C-Band Alliance Unveils Plan to Clear 300 MHz of Spectrum

WASHINGTON—The C-Band Alliance has shared its idea for paving the way for 5G, providing the FCC with a plan that would free 300 MHz of C-band spectrum. However, the proposal is being criticized by ACA Connects as potentially burdensome and insufficient.

C-band spectrum is used by broadcast and satellite operators to help deliver network programming. That spectrum is being proposed as a way to assist with 5G wireless deployment, and the FCC is currently determining the most effective plan to do so.

This most recent proposal from the CBA, which was issued on the eve of a C-band hearing by Congress, commits to clearing 300 MHz of spectrum, including a 20 MHz guard band that would protect existing satellite services from 5G interference. In previous plans, CBA had proposed clearing 200 MHz for 5G. There is 500 MHz in total available as part of the C-band spectrum.

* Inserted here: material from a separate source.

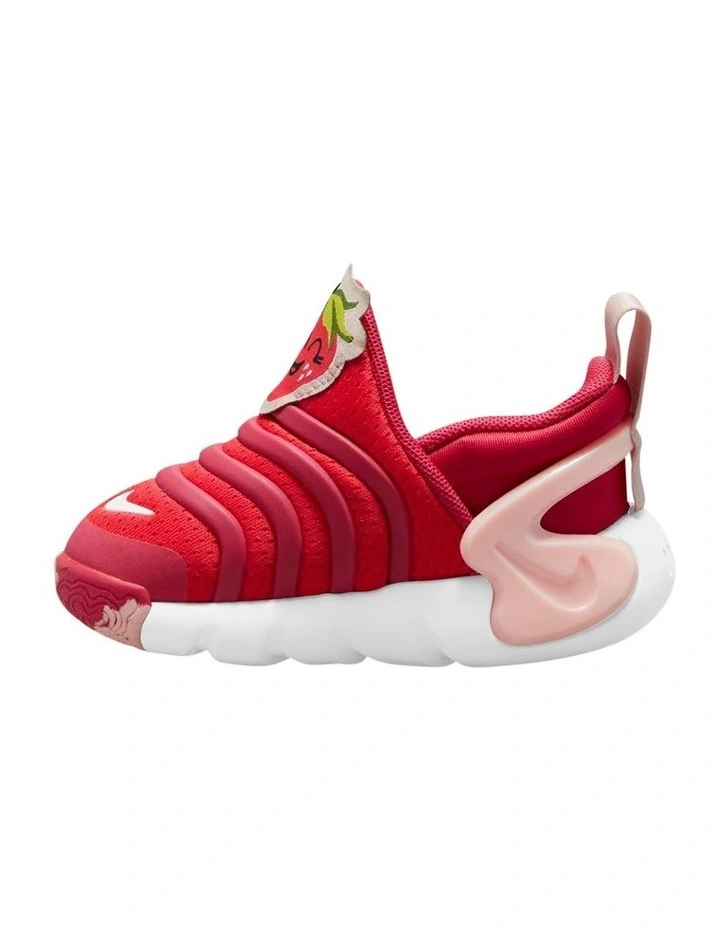 Dynamo GO! Lil Fruits SE Infant Red Sneakers image 2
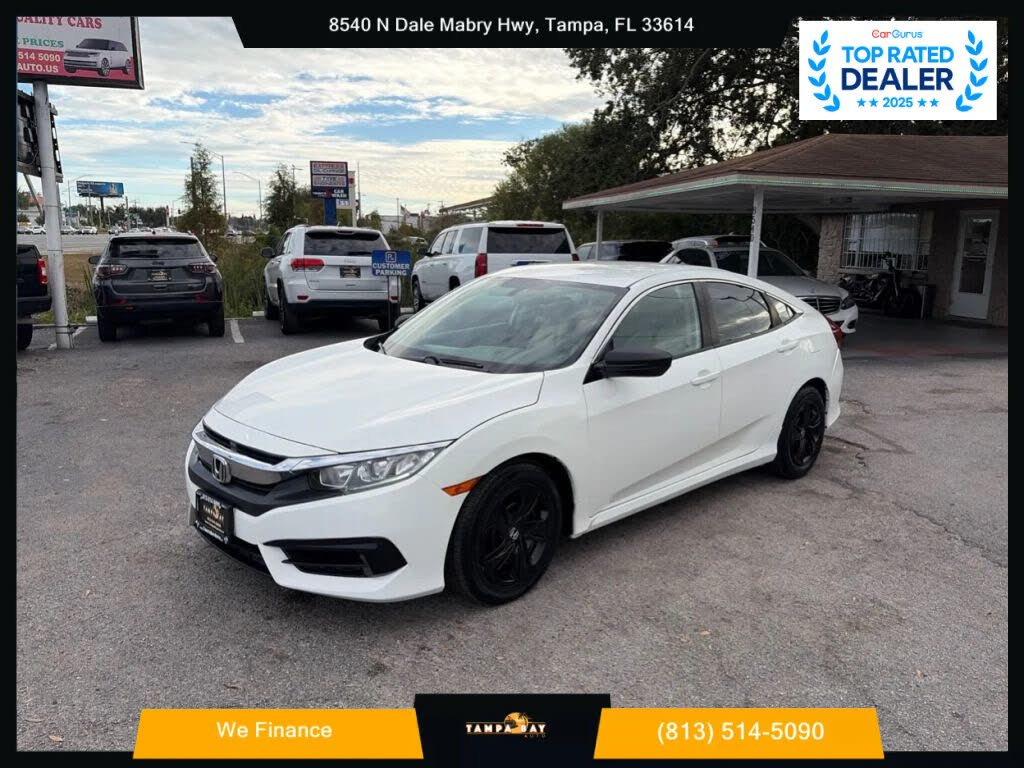 2017 Honda Civic LX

Also as part of the plan, CBA said that it would make 100 MHz available in the top 46 metropolitan areas within 18 months of the official FCC order and 280 MHz available all across the country within 36 months. The spectrum would be made available through a CBA-led private auction.

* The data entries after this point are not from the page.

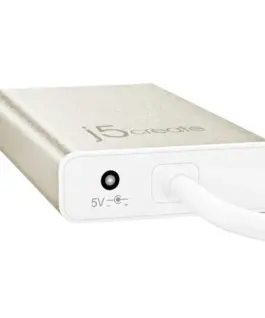 Хъб 3-портов J5create JCH471, USB-C 3.1, USB-A 3.0, Gigabit Ethernet - Image 4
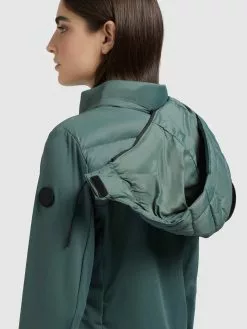 Khujo Funktionsjacke 'Ghita' -Khujo Verkaufsshop 3294a13a7c047e2f61513bec1dc33aa7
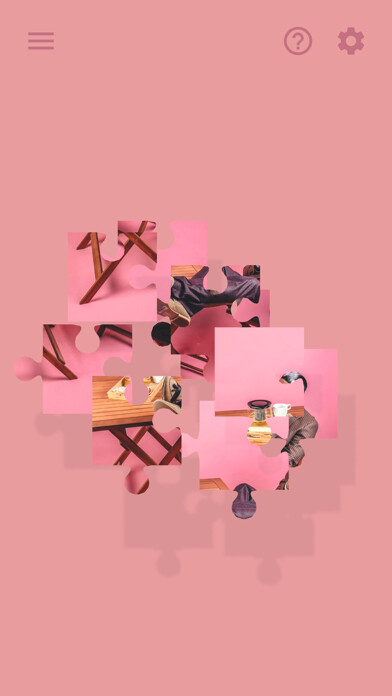 Emulate iPhone app Lazy Puzzles using MyAndroid Emulate iPhone app Lazy Puzzles using MyAndroid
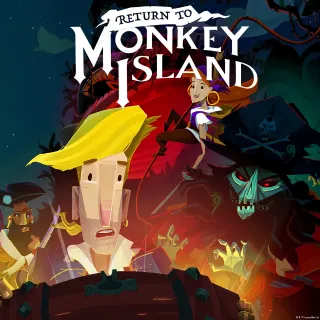Return to Monkey Island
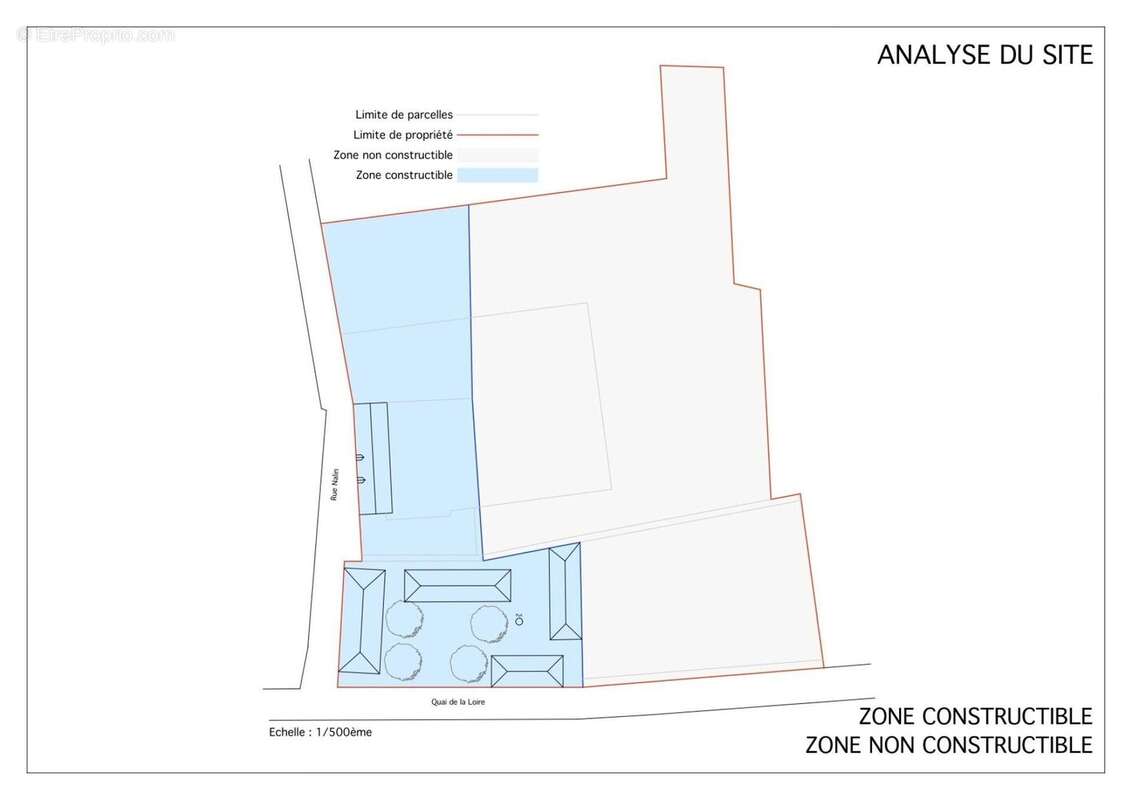 Photo 3 - Terrain à SAINT-DYE-SUR-LOIRE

“The CBA remains committed to ensuring that existing customers continue to enjoy the quality of service they experience now, with no interference from 5G services deployed in the future,” reads the CBA’s press release detailing the proposal. “The CBA member companies will maintain continuity of all current C-band customer services and maintain the value of the continental U.S. C-band video distribution neighborhoods.”

ACA Connects, a trade organization representing smaller and medium-size providers of broadband, quickly came out against the CBA’s proposal.

“At the eleventh hour and fifty-ninth minute, CBS has finally come forward with the rough outlines of a proposal to clear 300 MHz of the C-band,” said ACA Connects President and CEO Matthew M. Polka. “It’s three-page submission affirms that CBA would rely on the use of video compression to cram all satellite operations into a mere 200 MHz.

“This would saddle rural operators and their customers with higher prices to use a less reliable C-band that is more prone to interference and is unable to meet future demand for high-definition video.”

ACA Connects’ own plan does consist of freeing up 300 MHz, but to do so by transitioning satellite delivery to fiber and repurposing the spectrum through an FCC-led auction. An auction would put money back into the U.S. Treasury to help fund things like rural broadband deployment.

“At any rate, the skeletal outline that CBA has provided is far from a sufficient basis for FCC action to reallocate a multibillion dollar spectrum asset,” Polka added. “Nor does the filing remedy core defects of the CBS plan, including the proposed reliance on an untested, legally unsound private sale of licensed spectrum.”

Polka also said that the proposal is too late to be incorporated into the FCC’s rules by the end of year.